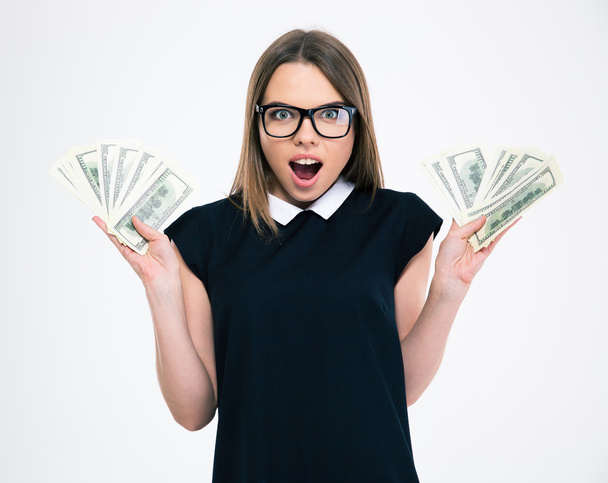 Cheerful woman holding dollar bill - Foto, imagen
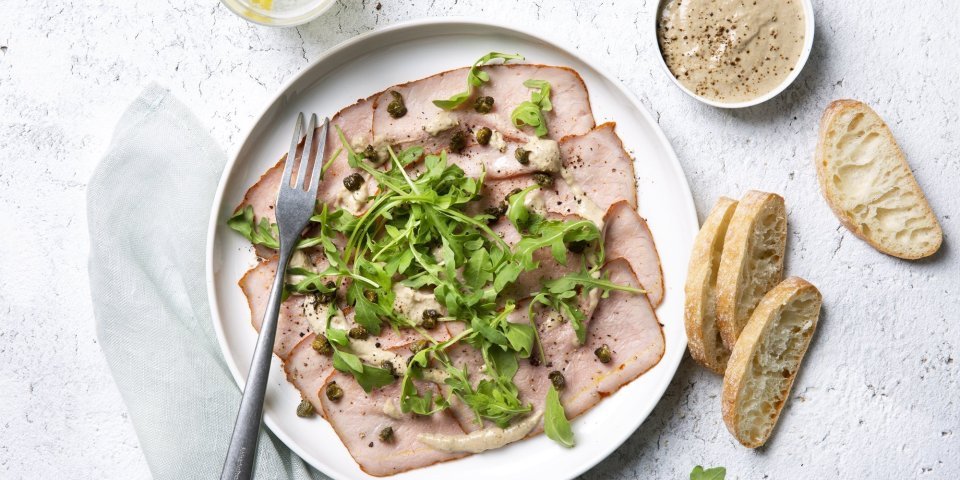 Vitello sgombro Deze vitello sgombro ligt op een wit bord, heerlijk afgewerkt met de koude saus, kappertjes en rucola. Er liggen ook enkele stukjes brood langs het bord.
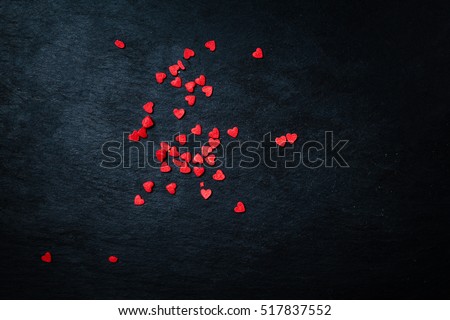 Beautiful valentines day background with red hearts on black background

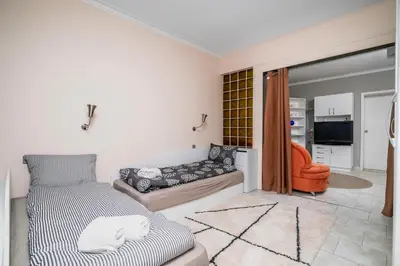 a living room with a bed and a couch at Cozy Apartment near Vitosha Street by Flat Mаnager in Sofia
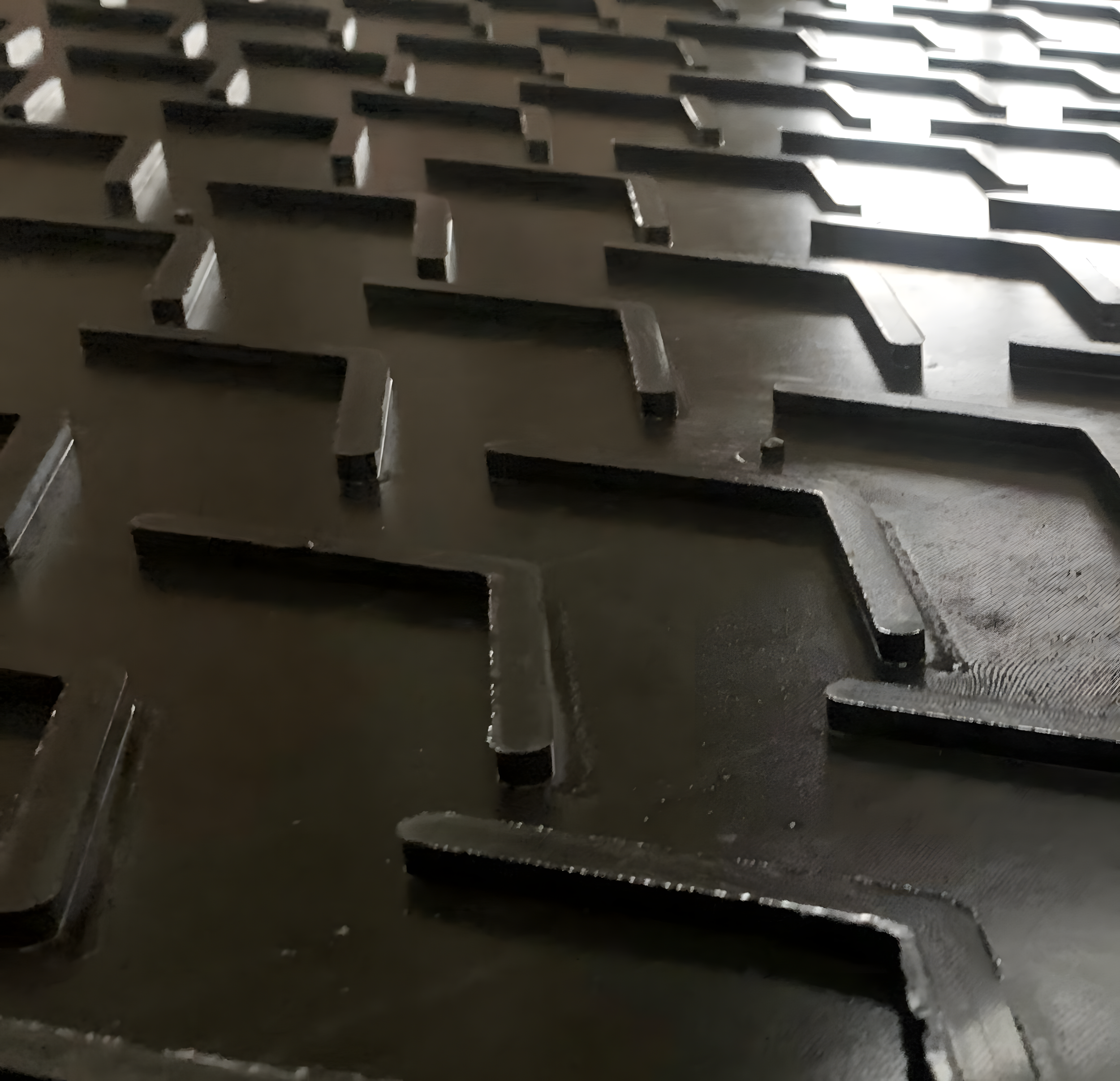Close-up of a stack of metal grates or vents with evenly spaced rectangular openings, casting shadows on a flat surface.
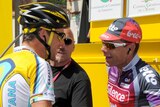 Lance Armstrong chats with Cadel Evans before the start of stage 12.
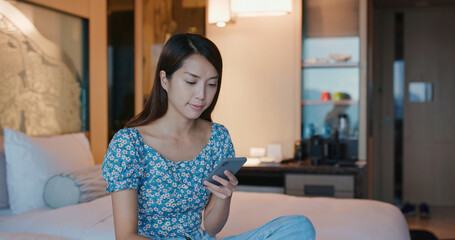 Canvas Print - Woman use of mobile phone on bed at night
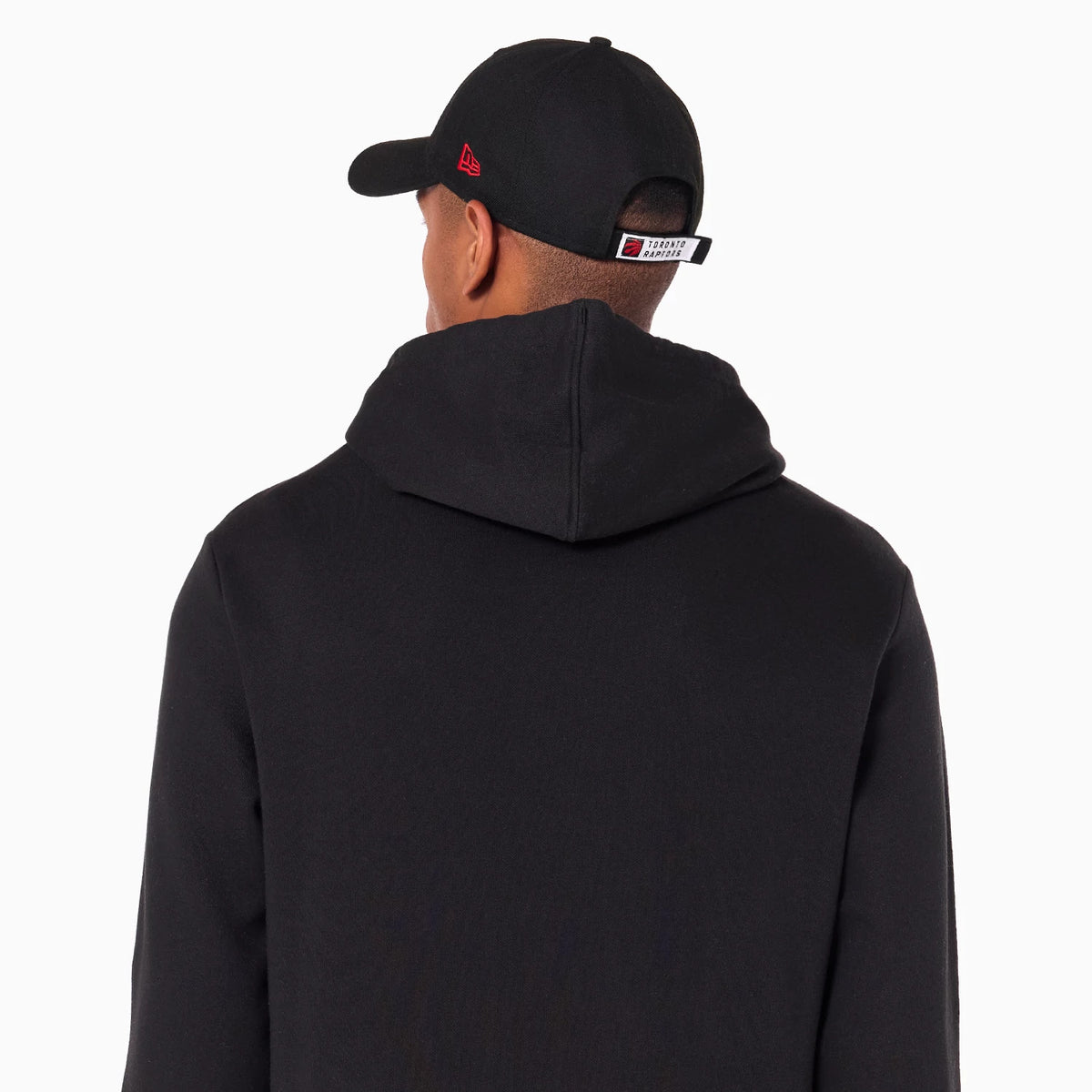 New Era Toronto Raptors NBA Black Pullover Hoodie, rear view showing a man wearing the hoodie with the hood down, paired with a black cap that has a red debossed New Era logo on the side and a Toronto Raptors tag at the back.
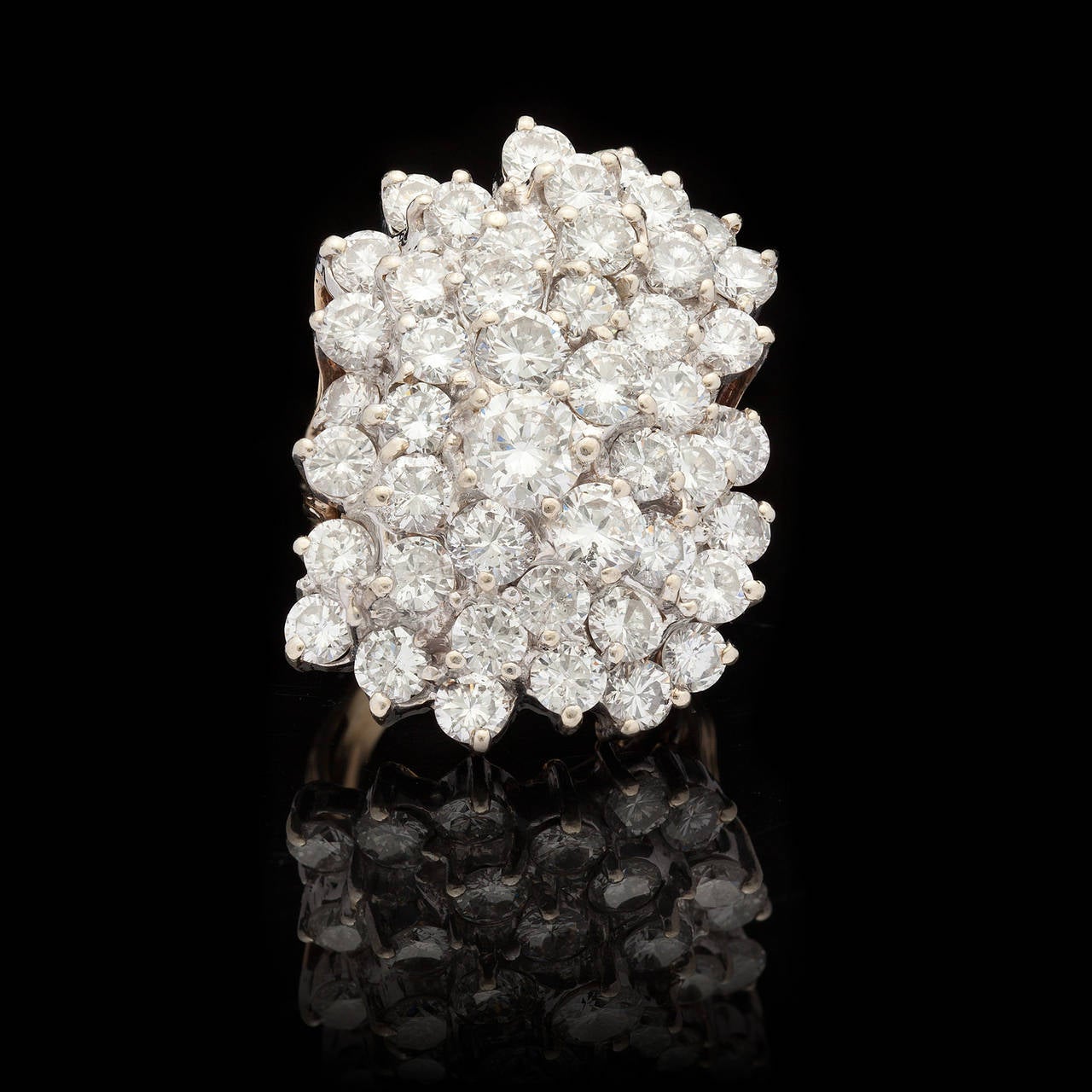 Estate Ring Features 47 Round Brilliant Cut Diamonds in a Multidimensional Cluster Measuring 32.5mm x 24.0mm. The ring is a size 6.5 with a total weight of 19.8 grams.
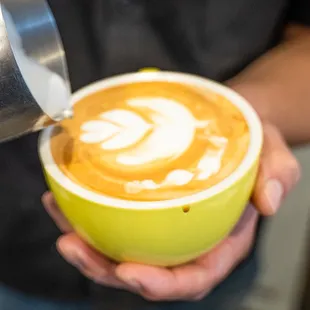 a latte being poured into a cup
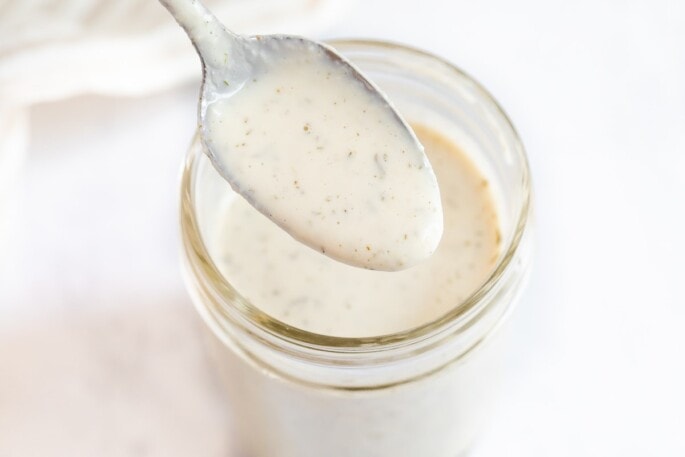 Spoon with vegan ranch dressing from a mason jar.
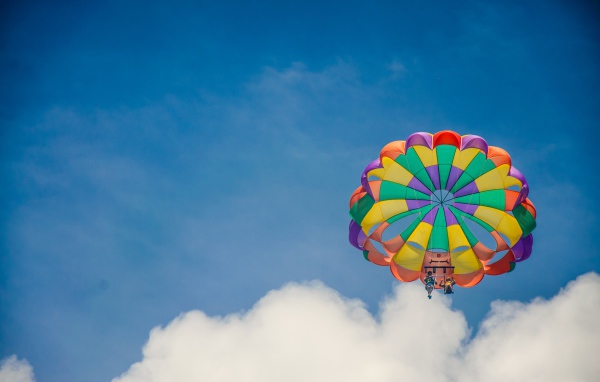 Парашют в голубом небе с белыми облаками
· · · · · · ·
• Problem description
Could you reproduce every record above exactly, leaving out the pictures?

• Your solution
 Cheerful woman holding dollar bill - Foto, imagen
 Vitello sgombro Deze vitello sgombro ligt op een wit bord, heerlijk afgewerkt met de koude saus, kappertjes en rucola. Er liggen ook enkele stukjes brood langs het bord.
 Beautiful valentines day background with red hearts on black background

 a living room with a bed and a couch at Cozy Apartment near Vitosha Street by Flat Mаnager in Sofia
Close-up of a stack of metal grates or vents with evenly spaced rectangular openings, casting shadows on a flat surface.
 Lance Armstrong chats with Cadel Evans before the start of stage 12.
 Canvas Print - Woman use of mobile phone on bed at night
 New Era Toronto Raptors NBA Black Pullover Hoodie, rear view showing a man wearing the hoodie with the hood down, paired with a black cap that has a red debossed New Era logo on the side and a Toronto Raptors tag at the back.
 Estate Ring Features 47 Round Brilliant Cut Diamonds in a Multidimensional Cluster Measuring 32.5mm x 24.0mm. The ring is a size 6.5 with a total weight of 19.8 grams.
 a latte being poured into a cup
 Spoon with vegan ranch dressing from a mason jar.
 Парашют в голубом небе с белыми облаками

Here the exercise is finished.